A década passada foi para o hip hop o que foram os anos 70 para o rock. Depois de uma origem tímida na era de aquário, o movimento passou pela consolidação nos anos 80, pela sofisticação nos dez anos seguintes e pelo grande sucesso comercial nos 2000. Por conta desse êxito, apareceu muito lixo megalomaníaco, inflado pelo dinheiro inesgotável. Porém, com ele também veio respaldo artístico, a posibilidade de experimentar, procurar o som perfeito. Hoje em dia, o melhor tipo de hip hop existente é fruto dessas experiências, da mistura que DJs e MCs de gosto eclético injetam na sua música.

É aí que você entende a importância de Guru e é aí que entra o Gorillaz. Damon Albarn era o vocalista do Blur até que um dia se cansou de britpop e resolveu tentar algo novo. Se uniu ao cartunista Jamie Hewlett e, juntos, criaram uma banda-desenho-animado, com intergantes/personagens e tudo. Basicamente, o Gorillaz foi o primeiro conjunto musical “virtual” (ou digital, se preferir) e trouxe para a grande mídia o trabalho esquizofrênico e multifacetado do underground. Sendo o estúdio o principal instrumento do hip hop e da música eletrônica hoje em dia, é natural que num trabalho desse tipo apareçam símbolos dos ritmos favoritos do produtor em questão. Albarn gostou da idéia e cada disco do Gorillaz parece refletir sua coleção de LPs.

A banda é recheada de referências pop: desenho animado, grafitti, consumismo, multiculturalismo e, como não poderia deixar de ser, variadas linguagens musicais. Por cima de batidas sincopadas, tem rock, rap, soul, IDM (t.c.p. intelligent dance music, um tipo de música eletrônica calma e introspectiva) e até ritmos latinos.

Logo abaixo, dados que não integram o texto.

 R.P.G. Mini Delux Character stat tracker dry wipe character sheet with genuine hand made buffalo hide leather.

Entretanto, alguma coisa me parece errada com o mais recente disco da banda, aclamado pela crítica.

Plastic Beach tem seus bons momentos, mas não dá pra acreditar que são os quatro macacos de desenho animado que estão tocando aquele som. São instrumentos demais, participações demais... Você precisa de uma grande imaginação para conceber Lou Reed e Snoop Dogg no mesmo espaço que quatro personagens de desenho animado. Afinal de contas, qual a proposta do Gorillaz?

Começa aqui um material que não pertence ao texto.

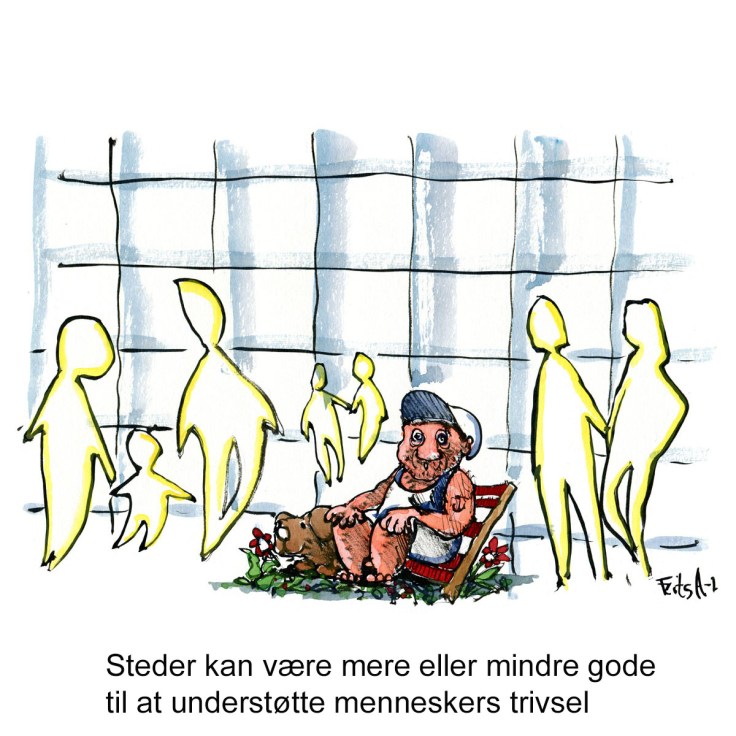 Tegning af mand som sidder fortabt imellem arkitekt siluetter foran glashus - Klimaforandringer illustration af Frits Ahlefeldt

Agora você deve estar me chamando de conservador, de falso moralista. Com certeza você sabe que, uma vez que o Gorillaz é uma banda 100% virtual – os integrantes não existem fisicamente, numa fantasia de lã tipo Mickey Mouse, por exemplo –, eles podem absolutamente tudo, nada é inverossímil. O vocalista 2-D pode virar um pteranodonte mestre de kung-fu com um sintetizador acoplado ao peito, se Albarn e Hewlett assim decidirem. Mais ainda: e daí que as músicas não parecem de fácil execução ao vivo? Os Beatles um dia também resolveram levar a experiência do estúdio a níveis nunca cogitados antes, parando até de fazer shows. E eles nem eram cartuns!

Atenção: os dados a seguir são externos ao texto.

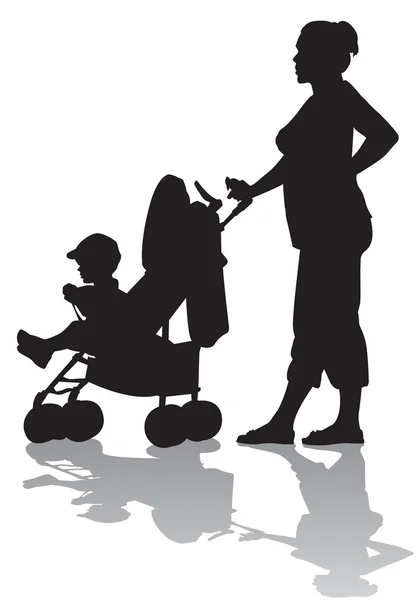 Mamma med barn på promenad母亲与孩子在散步 — 图库矢量图片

O problema é que o Gorillaz já tem turnê marcada para promover Plastic Beach. E uma apresentação do grupo é um voto de confiança em Albarn, já que consiste num telão exibindo imagens dos personagens enquanto músicos fazem o trabalho sujo atrás dele. E aí? Esperar transparência de um conjunto fictício em plena era digital talvez seja forçar a barra demais?

No fim das contas, não é uma coisa que incomode tanto assim. Sei que os responsáveis têm tudo sob controle e vão dar um jeito. E Plastic Beach já é um sucesso. Mas sua verdadeira vocação é trazer à tona um debate que até agora não parecia muito importante: como lidar com tantas possibilidades na música atual e ainda assim se manter coerente? Pena o Guru ter morrido. Talvez ele tivesse uma dica ou duas para nós.